Ist der passende Lehrling gefunden, steht einer erfolgreichen Ausbildung nichts mehr im Wege. Doch dabei muss der Ausbildungsbetrieb die besonderen gesetzlichen Regeln für Lehrlinge und Minderjährige beachten.

Lesedauer: 5 Minuten

24.08.2023

Der Lehrvertrag zwischen dem:r Lehrberechtigten und dem Lehrling muss auf jeden Fall in schriftlicher Form abgeschlossen werden. Ist der Lehrling noch minderjährig, muss auch sein:e gesetzliche:r Vertreter:in den Lehrvertrag unterschreiben. Die Lehrlingsstelle der Wirtschaftskammer Wien bietet dafür die Möglichkeit an, die Lehrvertragsanmeldung (auch Lehrvertragsänderungen und Auflösungen) digital im Online-Portal unkompliziert zu erledigen.
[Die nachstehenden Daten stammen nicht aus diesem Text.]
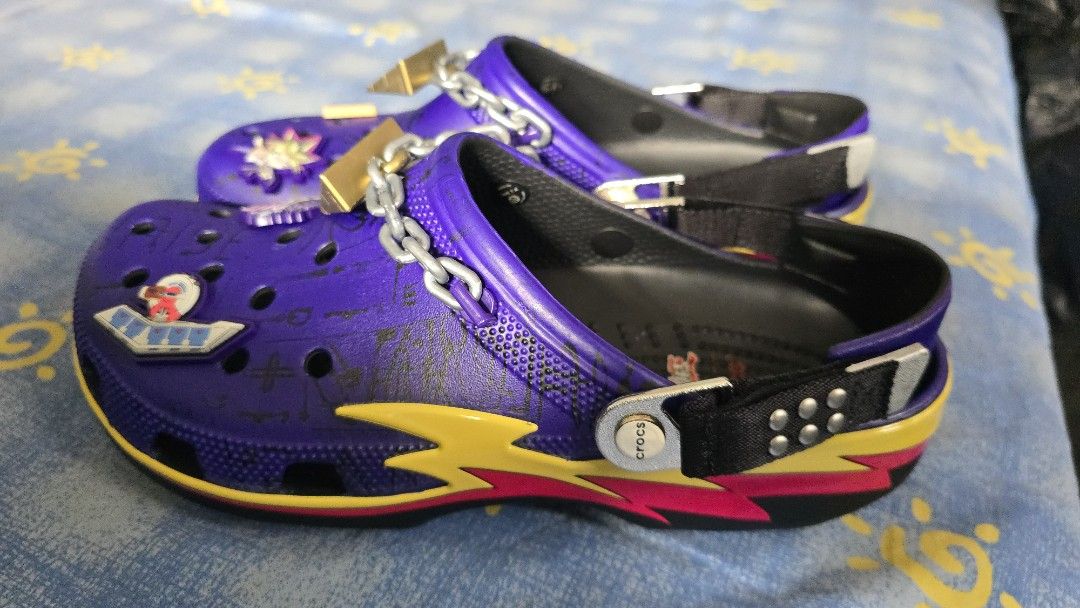 Crocs X Yu-Gi-Oh (Category: Slippers & Slides) located in Manila. Submitted by nhk061 (Listing ID 1460918696, Image 2). Description: For Sale CROCS X Yu-Gi-Oh BNDS BNEW SIZE 11US Crocs Classic Echo Clog Yu-Gi-Oh! Dark Magician 'Purple Multi-Color' - 7000 Crocs Classic Clog Yu-Gi-Oh! Yugi Yami 'Purple Multi-Color' - 6000 Take all pm for price Lalamove delivery or pickup manila area.
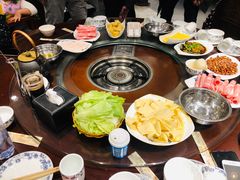 -亿诣蝎府炸酱面羊蝎子火锅(酷车小镇店)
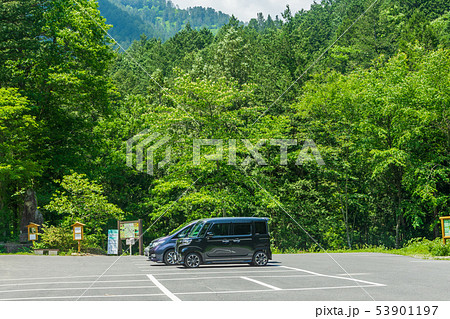 阿寺渓谷の駐車場 シャトルバス発着場 阿寺渓谷の駐車場 シャトルバス発着場 53901197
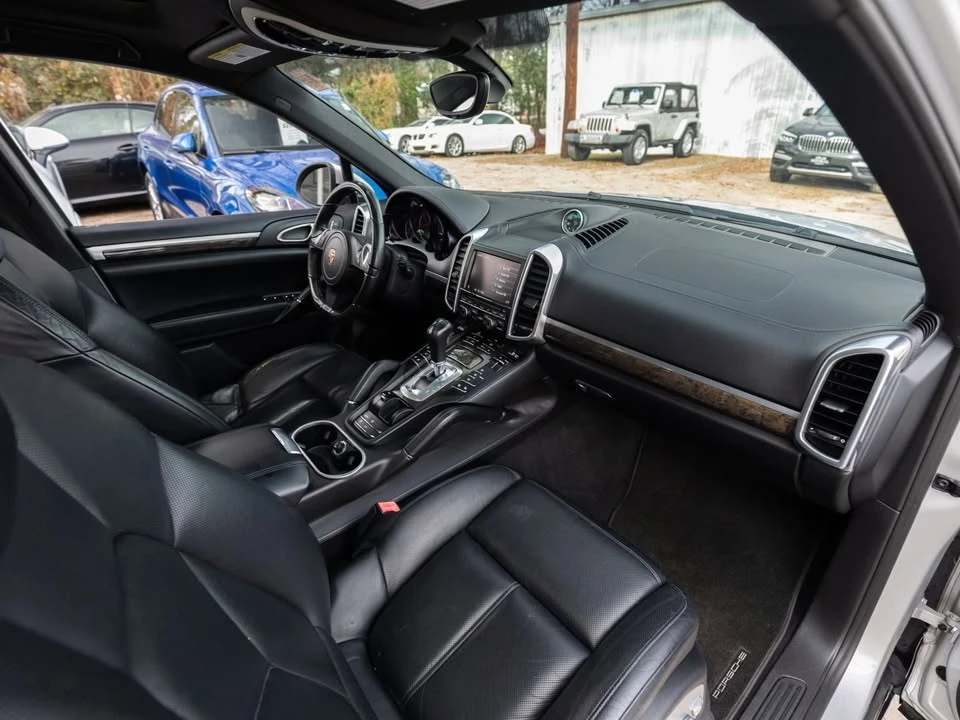 2011 Porsche 958 Cayenne - Image 11 of 17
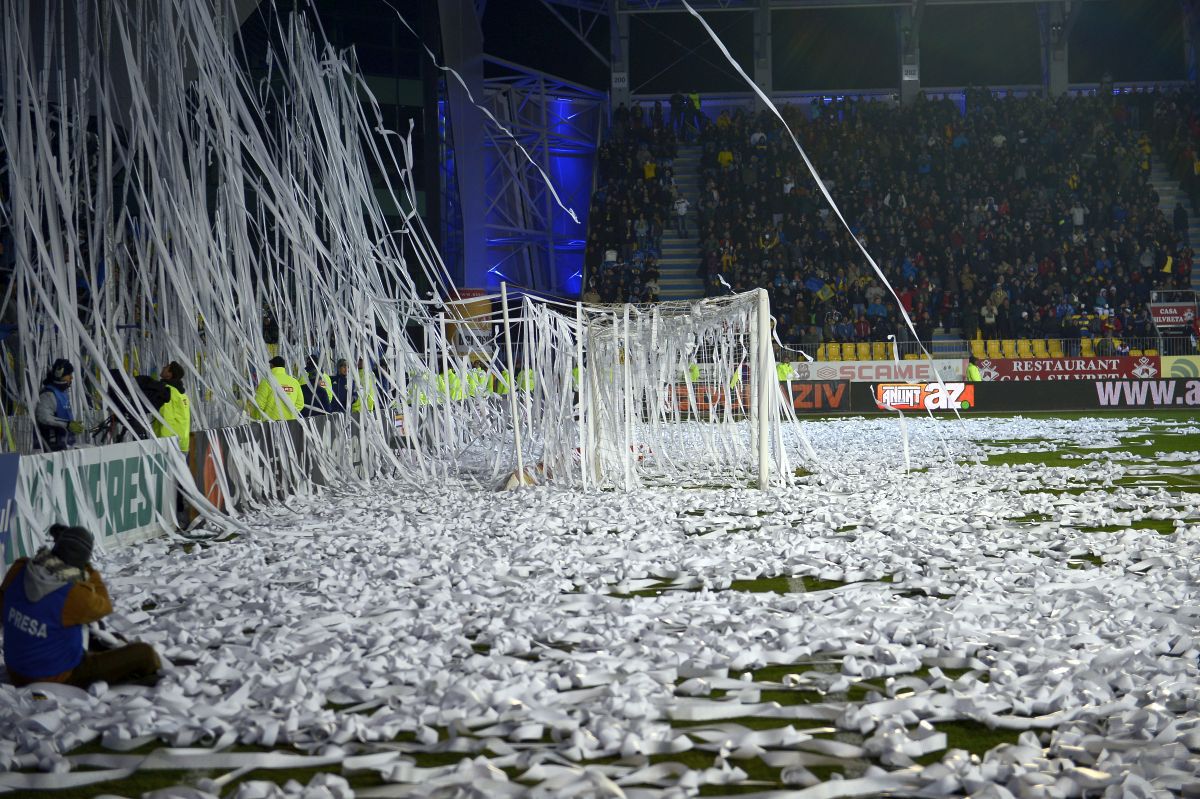 O ură care mocnește » Puțini știu de ce s-a rupt „frăția” dintre Petrolul și Dinamo + 30 de imagini dintr-o rivalitate caustică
Der Lehrvertrag ist möglichst schnell, jedenfalls aber binnen drei Wochen nach Beginn der Ausbildung, der Lehrlingsstelle zur Eintragung vorzulegen. Er kann bereits vor Beginn der Lehrzeit angemeldet werden. Die Lehrlingsstelle empfiehlt dies zu tun, weil das in Folge eine raschere Bearbeitung ermöglicht.
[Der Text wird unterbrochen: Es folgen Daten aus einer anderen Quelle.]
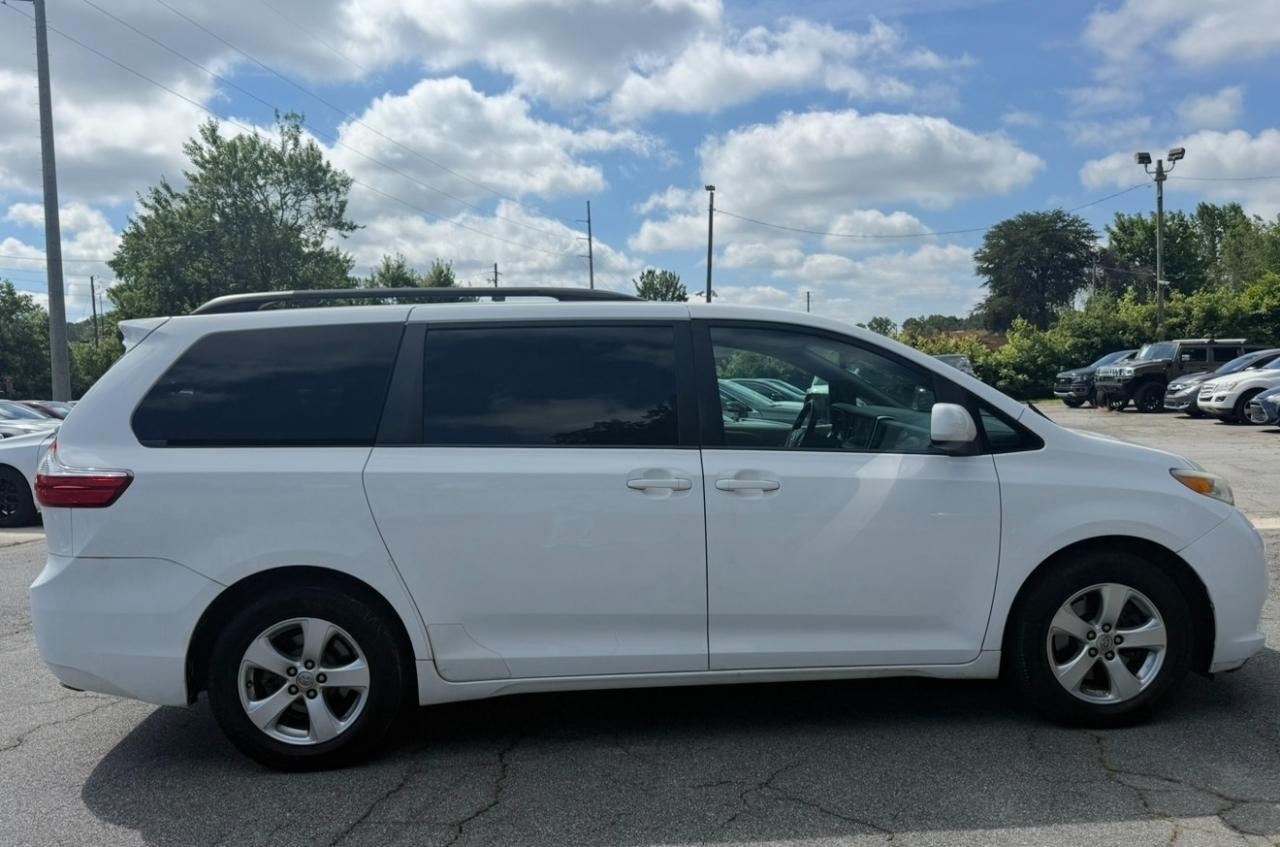 Toyota Sienna LE 8 Passenger 2015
Der Lehrvertrag ist möglichst schnell, jedenfalls aber binnen drei Wochen nach Beginn der Ausbildung, der Lehrlingsstelle zur Protokollierung vorzulegen. Die Lehrlingsstelle prüft die Daten des Lehrvertrags und die Eignung des Lehrbetriebs. Die Protokollierung des Lehrvertrags ist Voraussetzung zur späteren Zulassung zur Lehrabschlussprüfung.
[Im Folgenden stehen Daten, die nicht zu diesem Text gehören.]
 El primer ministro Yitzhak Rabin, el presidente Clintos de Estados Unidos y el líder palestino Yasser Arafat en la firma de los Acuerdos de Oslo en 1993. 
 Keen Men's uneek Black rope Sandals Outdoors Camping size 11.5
Begünstigungen bei der Bezahlung

Die Lehrlingsentschädigung ist im jeweiligen Kollektivvertrag festgelegt. Wenn keine kollektivvertragliche Regelung vorliegt, muss die Lehrlingsentschädigung individuell im Lehrvertrag vereinbart werden. Sie steigt in jedem Lehrjahr an und beträgt im letzten Lehrjahr durchschnittlich etwa 80% des entsprechenden Fachkräftegehalts.


In den ersten zwei Lehrjahren entfallen sowohl für den:die Dienstgeber:in als auch für den Lehrling die Beiträge für die Krankenversicherung. Die Lehrlinge sind dennoch voll versichert. Die Beiträge zur Unfallversicherung entfallen bei aufrechtem Versicherungsschutz für alle Lehrjahre. Zudem gibt es für die Lehrlingsausbildung verschiedene Förderungen. Informationen dazu erhalten Unternehmen bei der Lehrlingsstelle (siehe Infokasten). Die ersten drei Monate der Lehrzeit gelten als Probezeit. Während dieser Zeit können sowohl der Lehrling als auch der:die Arbeitgeber:in das Lehrverhältnis ohne Angabe von Gründen lösen. Wesentlich für die Rechtswirksamkeit der Auflösung ist die Schriftform. Wird das Lehrverhältnis vorzeitig aufgelöst, müssen Sie dies der Lehrlingsstelle Ihres Bundeslandes ohne unnötigen Aufschub, spätestens jedoch binnen vier Wochen mitteilen. 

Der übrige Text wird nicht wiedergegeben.